R’ Hirsch says that it is particularly fitting that the kiyor was used to wash the hands and feet, because this symbolizes being m’kadeish one’s actions and behavior. A person can, through dedication to Hashem’s will, infuse with Kedusha and transform the most mundane or prosaic or even sensual activity. One’s work, or play, or eating, or marital relations, can and should be elements in avodas Hashem, and thereby changed in character from gashmi to ruchni.
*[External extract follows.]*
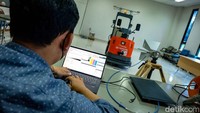 BRIN menggunakan teknologi pemandu GPS-RTK yang memiliki akurasi hingga 1 cm untuk memandu kendaraan ini.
Many people think of these parshios as repetitive, arcane, and so obscure as to be boring. In fact, however, these parshios teach us the most important lessons about the meaning and importance of true love. There is the lesson of the Mar'os Hatzov'os, as explained above. And remember, the Shechina spoke to Moshe from the space between the kruvim, which were the images of a young man and woman. What exists in the space between a husband and a wife as they look at each other? That space holds their love for each other, and that is where the Shechina appeared, because, as Chazal say, bizman shehashalom beineihem, Shechina beineihem. They become the Keruvim, and their home is filled with the spirit of holiness. But this is only true when the Keruvim stand atop the Aron Kodesh, which contains the Torah. The Kiyor and the Aron Hakodesh teach us that a loving relationship between husband and wife that is based on the Torah is the conduit of bringing Hashro’as Hashchina to Klal Yisroel.

UPDATE MARCH 2018:
I just saw this, from Bar Ilan. I liked the way it is written, and I give it to you in the original. (The only little he'ara I want to make is that the Magen Avraham in OC 147 sk5 says that to resolve the problem of v'yitnu li requiring that the material have never been in personal use and the donation of jewelry and the mar'os we have to say that they underwent a shinui tzura -
ועוד נ"ל דוקא כמות שהן אסור להשתמש בהן אבל אם שינה צורתן ועש' מהן כלי אחר שרי דהרי הכיור נעשה ממראות הצובאות)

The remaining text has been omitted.